Vancouver – Kinross Gold (K-T, KGC-N) is stepping up the pace of consolidation in the North American gold mining industry, launching a friendly $3.5-billion bid to acquire Bema Gold (BGO-T, BGO-N, BAU-L), a move that analysts said could still draw competing offers.
The all stock transaction appears to be driven by the bigger is better mantra as well as the prospect of future production from Bema’s $425-million Kupol gold project in Russia, which is headed for startup in mid 2008.
The two companies are already familiar with each other, through their joint ownership of the Refugio gold mine in northern Chile.
As part of the deal, Bema chief executive officer Clive Johnson will head a new exploration company that will acquire $20 million worth of assets from Bema.
Kinross will have the right to acquire a 10 per cent stake, while retaining the option to double its interest if the company is taken public.
Its assets will include Petrex (Proprietary), which has properties in South Africa, an exploration joint venture in northern Colombia with AngloGold Ashanti (AU-N) plus an exploration alliance in Russia’s far northeastern Chukotka Region.
In conference calls with financial analysts Monday, Kinross chief executive officer Tye Burt described the Bema deal as a “win-win” situation that dramatically raises his Toronto company’s gold resources to over 50 million ozs.
That’s up 38 per cent from 2005.
“We will have a well-balanced gold reserve profile with 39 per cent in Chile, 37 per cent in Brazil, 16 per cent in North America and 8 per cent in Russia,” he said.
Mr. Johnson echoed that view saying he is attracted by the growth potential of the combined company. “We look forward to discussing this opportunity with our shareholders, which we think is good value,” he said.
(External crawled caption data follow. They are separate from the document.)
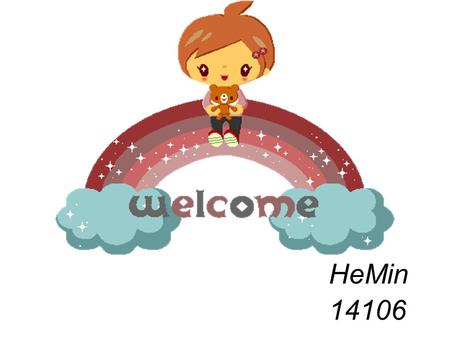 HeMin 14106. He likes fishing, singing,travelling and playing table tennis in his spare time.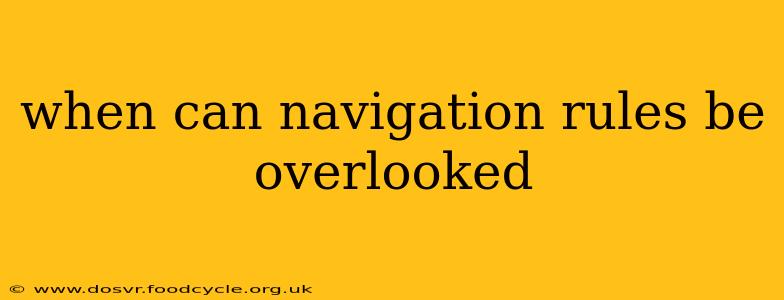 when can navigation rules be overlooked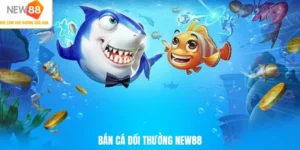 Bắn cá đổi thưởng NEW88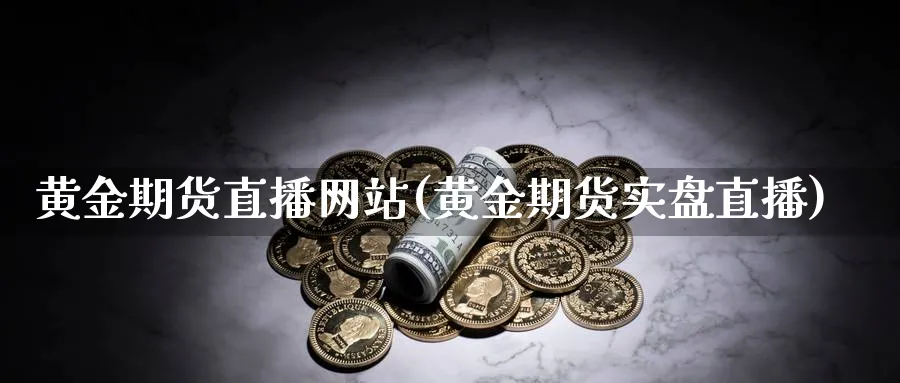 黄金期货直播网站(黄金期货实盘直播)_期货财经_第1张_期货财经直播间 黄金期货直播网站(黄金期货实盘直播)_https://cj.meihuadianqi.com_期货财经_第1张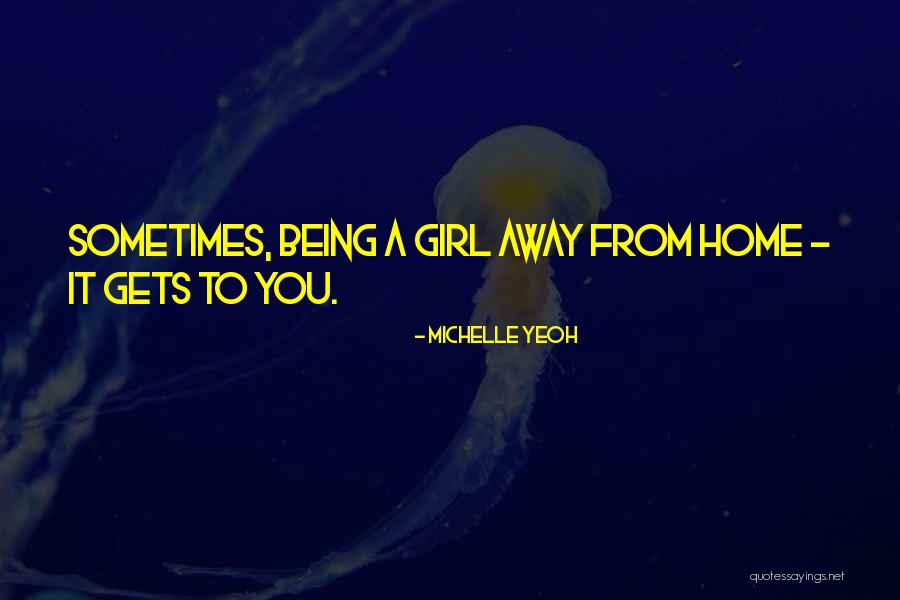 Home Away Home Quotes By Michelle Yeoh Home Away Home Quotes By Michelle Yeoh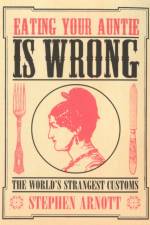 Eating Your Auntie Is Wrong af Stephen Arnott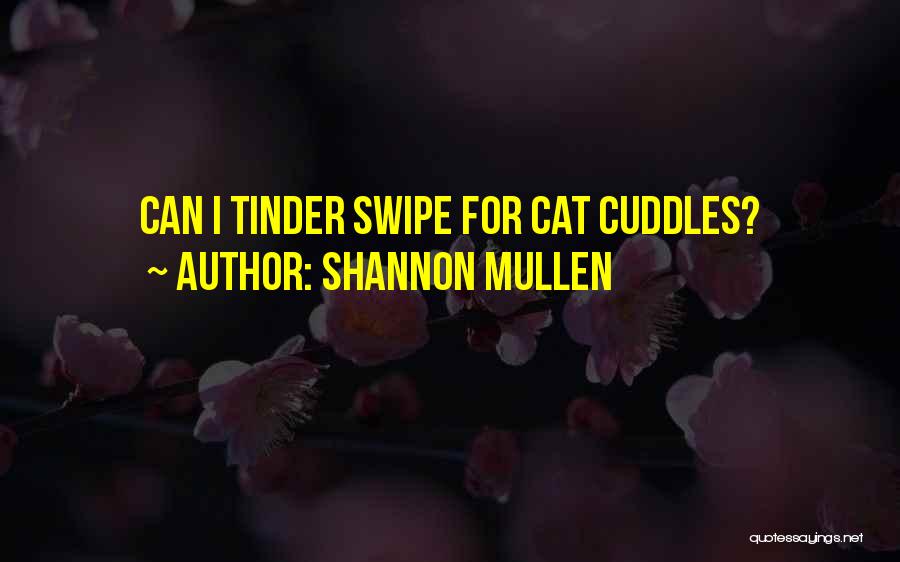 Shannon Mullen Quotes: Can I Tinder Swipe For Cat Cuddles?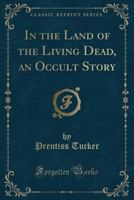 In the Land of the Living Dead; An Occult Story 1408682826 Book Cover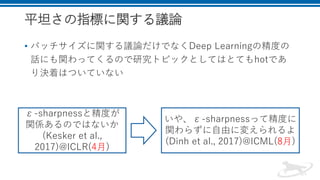 平坦さの指標に関する議論
• バッチサイズに関する議論だけでなくDeep Learningの精度の
話にも関わってくるので研究トピックとしてはとてもhotであ
り決着はついていない
ε-sharpnessと精度が
関係あるのではないか
(Kesker et al.,
2017)@ICLR(4月)
いや、ε-sharpnessって精度に
関わらずに自由に変えられるよ
(Dinh et al., 2017)@ICML(8月)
Kinross currently ranks as the world’s eighth largest gold producer. Output from Kupol is expected to push the combined company’s annual gold production to 2.8 million ozs. in 2009, up from 1.8 million this year.
The deal has already been approved by the boards of both companies and will be completed through a plan of arrangement in which each share of Bema will be exchanged for 0.441 of a Kinross share.
Kinross says the offer values Bema at $6.61 a share, a 34 per cent premium to the average price of a Bema share in the 20 trading days before the deal was announced.
Shares of Kinross fell $1.46 to $13.53 on the Toronto Stock Exchange Monday, while Bema rose 49 cents to $5.27.
Given that Barrick Gold (ABX-T, ABX-N) swallowed Placer Dome last year and Goldcorp (G-T, GG-N) has just completed its buyout of Glamis Gold (GLG-T, GLG-N), analysts said the offer comes as no surprise.
“This is a deal that makes a lot of sense for both companies and one we thought was likely,” said Richard Gray of Blackmont Capital in Toronto.
The price of the offer implies that Kinross is paying 1.32 times his estimated net asset value of $4.40 (U.S.) for Bema Mr. Gray said, meaning the deal will likely be accretive to Kinross’ net asset value.
Mr. Gray believes a competing offer is possible given the attractiveness of Kupol and the size of Bema’s Cerro Casale gold-copper deposit in northern Chile.
But another analyst isn’t so sure. “I’d be surprised if another player comes forward,” said John Ing, President of Maison Placements Canada in Toronto.
In order to close, the deal must clear a number of regulatory hurdles, including the approval of at least two thirds of the votes cast by Bema shareholders at a meeting to be held in January.
Upon completion, 61 per cent of the combined company will be held by the existing shareholders of Kinross and 39 per cent by existing shareholders of Bema.
Bema has agreed to pay a break fee of $79 million under certain circumstances and Kinross has the right to match competing offers, the companies said.